Jenkins: I think that it's one of the more healthy trends in the development of digital technology. I think it's too early to tell whether it will have a long-term impact on physical fitness but it certainly has some potential. Most parents have had the experience of seeing a kid quit early when they get frustrated with their homework but wanting to stay up late when they get frustrated with a game they were playing. So how do we get them as determined to think about knowledge and learning as they are about beating the level of a game? The games are powerful because they define roles and rules in such a way that they motivate us to try new things, to take risks.
Do you think that the game console will supplant the TV?
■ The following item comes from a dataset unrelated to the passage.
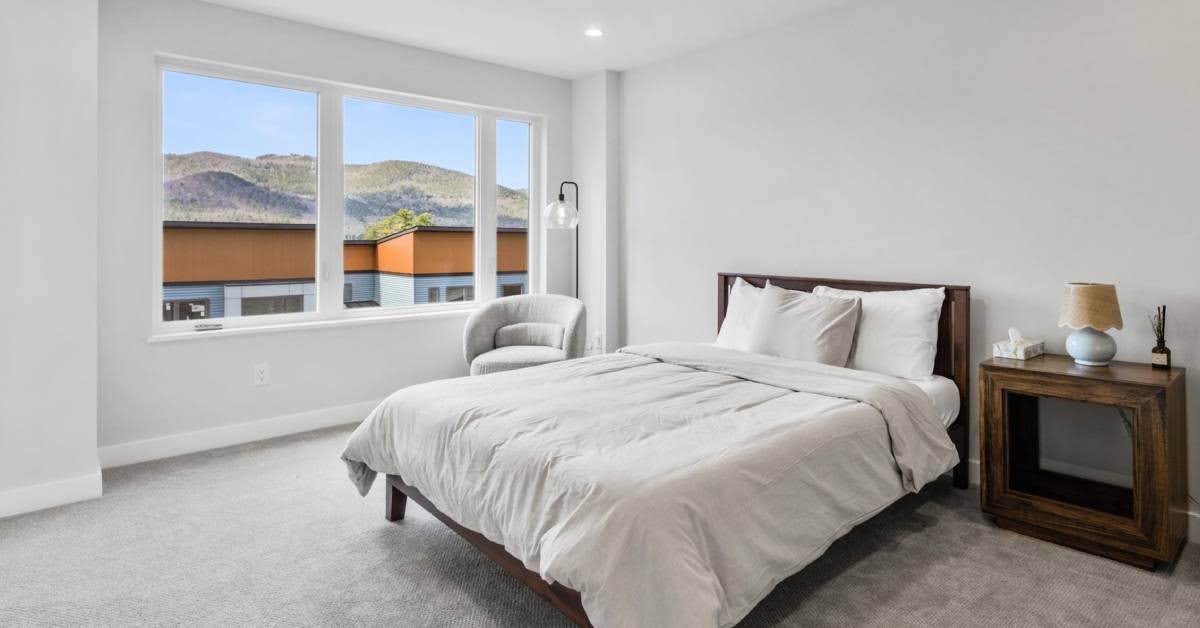 bedroom with view of mountains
Jenkins: Well, statistically speaking, the game console for at least young men is already beginning to surpass television, in terms of the amount of time kids play. From an educational standpoint, I think it has a lot of advantages over television as well as some disadvantages. It won't get rid of Sesame Street or National Geographic documentaries anytime soon, but they're really rich ways of learning about the world. Kids can act on information rather than simply consuming it.
How do you think the YouTube presidential debates reflect the changing nature of the political process and how this generation thinks about politics?
Jenkins: I was very excited by the YouTube debate and I'm very frustrated that the Republicans seem not to be willing to participate in the same process. I think it's probably the most important innovation in the political process since the town hall debates were introduced in the 1990s.
In the traditional debate, the candidate speaks past the questioner in order to address simply the substance of the question. In the town hall debate, the person is physically there and so you begin to factor in the life experiences, who this person is, and that gives us a model of how the candidate relates to the public in a very different way. But the problem is that the voter is being pulled into an environment that's totally alien to them.
What the YouTube debate did is bring that much more fully under the control of the citizen. The citizen not just frames the issue, but embodies the issue in the ways they choose to construct their video. The language is much less highbrow and much more down to earth. There's a kind of irreverence to authority in the YouTube questions that I think forces the candidates to break out of their normal way of speaking. It showed us how they thought on their feet in a different way.
So we're seeing this movement where participatory culture merges into participatory democracy and young people are at the forefront of that. Young people are interested in this new language of talking about issues, because the language of politics has become stagnant over the last 20 or 30 years. It no longer seems to speak the same way that citizens think and talk.
What's interesting about, say, use of social networks is that it creates not just connections between the voters and the candidates, but connections among the voters. The voters themselves feel part of a community and this generation seems to perceive politics as a communal activity. I think the combination of the social networks and YouTube really do seem to point toward a new style of politics that's emerging really rapidly in this election cycle and it's one that is suited for this generation that is coming of age in the new media environment.
I wonder what the downsides are of the communal participatory skills that this generation is developing. How do these skills affect one-to-one relationships or attention span. With new skills comes loss of some kind?
Jenkins: Sure, and I think it's again about finding that balance. I see multitasking as an emerging skill, but if it comes at the expense of the ability to really focus attention on a problem and think it through, then it's a problem. I think the ability to collaborate and work in noncollective intelligence communities is a real skill, but if it comes at the expense of individual autonomy and the ability to make your own decisions then it's potentially a downside.